● **Exercise data**
○ ○ ○ ○ ○

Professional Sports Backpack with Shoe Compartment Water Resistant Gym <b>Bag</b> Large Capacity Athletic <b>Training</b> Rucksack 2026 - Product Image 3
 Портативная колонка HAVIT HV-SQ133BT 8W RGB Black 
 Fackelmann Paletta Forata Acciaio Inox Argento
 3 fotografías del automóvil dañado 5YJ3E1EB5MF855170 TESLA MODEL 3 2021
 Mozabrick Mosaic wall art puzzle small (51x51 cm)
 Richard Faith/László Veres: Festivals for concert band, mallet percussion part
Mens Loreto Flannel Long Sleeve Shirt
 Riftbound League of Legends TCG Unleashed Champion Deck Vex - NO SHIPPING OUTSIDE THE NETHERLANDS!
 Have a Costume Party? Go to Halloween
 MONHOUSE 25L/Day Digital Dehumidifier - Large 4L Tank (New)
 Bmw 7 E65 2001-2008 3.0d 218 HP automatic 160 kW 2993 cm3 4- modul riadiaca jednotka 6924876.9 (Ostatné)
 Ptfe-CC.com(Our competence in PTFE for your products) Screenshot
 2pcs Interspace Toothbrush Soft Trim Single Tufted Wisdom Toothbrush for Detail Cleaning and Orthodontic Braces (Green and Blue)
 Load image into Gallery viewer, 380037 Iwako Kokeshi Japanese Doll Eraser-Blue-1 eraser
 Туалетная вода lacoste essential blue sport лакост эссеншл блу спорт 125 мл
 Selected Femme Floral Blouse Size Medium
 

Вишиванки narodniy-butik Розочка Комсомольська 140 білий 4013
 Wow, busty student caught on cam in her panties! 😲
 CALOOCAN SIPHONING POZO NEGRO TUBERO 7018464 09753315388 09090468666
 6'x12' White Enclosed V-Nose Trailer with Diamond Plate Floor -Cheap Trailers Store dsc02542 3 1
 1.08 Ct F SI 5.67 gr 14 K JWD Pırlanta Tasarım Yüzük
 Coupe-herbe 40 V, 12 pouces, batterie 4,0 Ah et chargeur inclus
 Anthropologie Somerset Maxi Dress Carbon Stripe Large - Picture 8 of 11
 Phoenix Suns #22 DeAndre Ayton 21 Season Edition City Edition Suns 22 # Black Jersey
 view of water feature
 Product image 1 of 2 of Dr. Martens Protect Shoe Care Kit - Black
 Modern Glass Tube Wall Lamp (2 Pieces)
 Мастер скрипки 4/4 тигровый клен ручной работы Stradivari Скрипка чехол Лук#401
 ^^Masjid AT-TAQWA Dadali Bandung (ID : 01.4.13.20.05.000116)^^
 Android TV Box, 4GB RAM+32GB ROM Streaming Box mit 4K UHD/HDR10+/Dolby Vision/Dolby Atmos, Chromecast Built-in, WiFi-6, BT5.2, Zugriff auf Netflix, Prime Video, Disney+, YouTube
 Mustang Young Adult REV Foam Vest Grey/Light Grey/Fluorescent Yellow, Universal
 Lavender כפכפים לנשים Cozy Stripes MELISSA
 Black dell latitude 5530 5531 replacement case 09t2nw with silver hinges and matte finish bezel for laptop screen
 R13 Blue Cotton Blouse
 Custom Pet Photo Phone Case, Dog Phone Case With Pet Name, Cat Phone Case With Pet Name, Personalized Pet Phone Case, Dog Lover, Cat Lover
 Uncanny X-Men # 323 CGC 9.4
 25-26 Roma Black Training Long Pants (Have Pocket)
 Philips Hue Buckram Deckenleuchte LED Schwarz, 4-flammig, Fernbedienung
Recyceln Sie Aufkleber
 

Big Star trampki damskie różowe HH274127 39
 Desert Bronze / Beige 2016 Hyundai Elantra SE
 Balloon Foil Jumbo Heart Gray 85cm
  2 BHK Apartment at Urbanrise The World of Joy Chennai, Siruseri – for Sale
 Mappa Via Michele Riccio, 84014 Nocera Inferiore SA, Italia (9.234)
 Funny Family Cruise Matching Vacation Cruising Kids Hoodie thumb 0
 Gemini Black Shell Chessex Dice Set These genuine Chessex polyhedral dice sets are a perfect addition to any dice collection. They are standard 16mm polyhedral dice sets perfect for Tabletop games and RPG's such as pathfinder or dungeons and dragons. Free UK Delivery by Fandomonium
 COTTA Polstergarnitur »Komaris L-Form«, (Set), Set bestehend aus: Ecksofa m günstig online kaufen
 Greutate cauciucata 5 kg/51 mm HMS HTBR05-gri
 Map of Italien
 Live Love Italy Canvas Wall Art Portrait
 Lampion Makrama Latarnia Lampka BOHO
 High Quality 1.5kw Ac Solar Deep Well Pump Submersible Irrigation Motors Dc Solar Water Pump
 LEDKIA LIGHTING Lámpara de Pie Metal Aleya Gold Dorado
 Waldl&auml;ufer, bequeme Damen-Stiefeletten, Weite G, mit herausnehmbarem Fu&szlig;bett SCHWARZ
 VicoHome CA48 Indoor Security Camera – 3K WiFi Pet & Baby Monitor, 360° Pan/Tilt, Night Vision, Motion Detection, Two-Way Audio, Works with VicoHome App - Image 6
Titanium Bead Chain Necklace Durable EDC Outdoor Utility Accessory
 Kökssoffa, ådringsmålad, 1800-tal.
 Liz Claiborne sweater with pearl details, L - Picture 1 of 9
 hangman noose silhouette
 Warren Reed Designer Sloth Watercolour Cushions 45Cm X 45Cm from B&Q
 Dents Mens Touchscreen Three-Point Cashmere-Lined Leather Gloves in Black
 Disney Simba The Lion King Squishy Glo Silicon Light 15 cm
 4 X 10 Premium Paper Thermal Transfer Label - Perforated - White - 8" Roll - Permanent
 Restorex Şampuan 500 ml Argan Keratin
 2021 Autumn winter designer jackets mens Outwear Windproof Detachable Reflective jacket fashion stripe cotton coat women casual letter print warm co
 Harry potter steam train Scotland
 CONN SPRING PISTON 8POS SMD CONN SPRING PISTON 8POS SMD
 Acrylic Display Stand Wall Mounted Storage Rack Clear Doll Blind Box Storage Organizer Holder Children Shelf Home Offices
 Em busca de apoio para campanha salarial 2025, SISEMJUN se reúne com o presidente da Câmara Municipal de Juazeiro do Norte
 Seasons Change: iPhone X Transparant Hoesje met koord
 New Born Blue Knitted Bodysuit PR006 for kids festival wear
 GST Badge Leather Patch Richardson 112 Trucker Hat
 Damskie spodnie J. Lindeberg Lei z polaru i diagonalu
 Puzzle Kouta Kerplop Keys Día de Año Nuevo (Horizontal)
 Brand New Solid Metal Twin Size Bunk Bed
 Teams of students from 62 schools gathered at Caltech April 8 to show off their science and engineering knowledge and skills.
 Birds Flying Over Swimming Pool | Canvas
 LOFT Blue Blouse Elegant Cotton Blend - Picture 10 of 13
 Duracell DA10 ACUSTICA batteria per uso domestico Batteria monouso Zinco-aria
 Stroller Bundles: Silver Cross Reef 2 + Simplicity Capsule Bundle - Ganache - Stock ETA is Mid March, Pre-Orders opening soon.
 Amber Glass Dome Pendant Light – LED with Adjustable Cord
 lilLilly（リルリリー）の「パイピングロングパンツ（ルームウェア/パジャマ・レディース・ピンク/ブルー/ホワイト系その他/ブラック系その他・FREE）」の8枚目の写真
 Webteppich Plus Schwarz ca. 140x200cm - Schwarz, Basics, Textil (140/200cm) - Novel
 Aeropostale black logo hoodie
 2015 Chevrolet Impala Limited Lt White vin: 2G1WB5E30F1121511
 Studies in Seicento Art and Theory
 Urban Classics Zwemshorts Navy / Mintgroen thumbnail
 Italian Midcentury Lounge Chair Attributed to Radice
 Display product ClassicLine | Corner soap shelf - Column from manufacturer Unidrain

○ ○ ○ ○ ○

● **Directions for this task**
The line with "Webteppich Plus Schwarz", plus every line after it through the end of the listing, needs to be repeated exactly; nothing else belongs in the reply.

● **Solution to the exercise**
 Webteppich Plus Schwarz ca. 140x200cm - Schwarz, Basics, Textil (140/200cm) - Novel
 Aeropostale black logo hoodie
 2015 Chevrolet Impala Limited Lt White vin: 2G1WB5E30F1121511
 Studies in Seicento Art and Theory
 Urban Classics Zwemshorts Navy / Mintgroen thumbnail
 Italian Midcentury Lounge Chair Attributed to Radice
 Display product ClassicLine | Corner soap shelf - Column from manufacturer Unidrain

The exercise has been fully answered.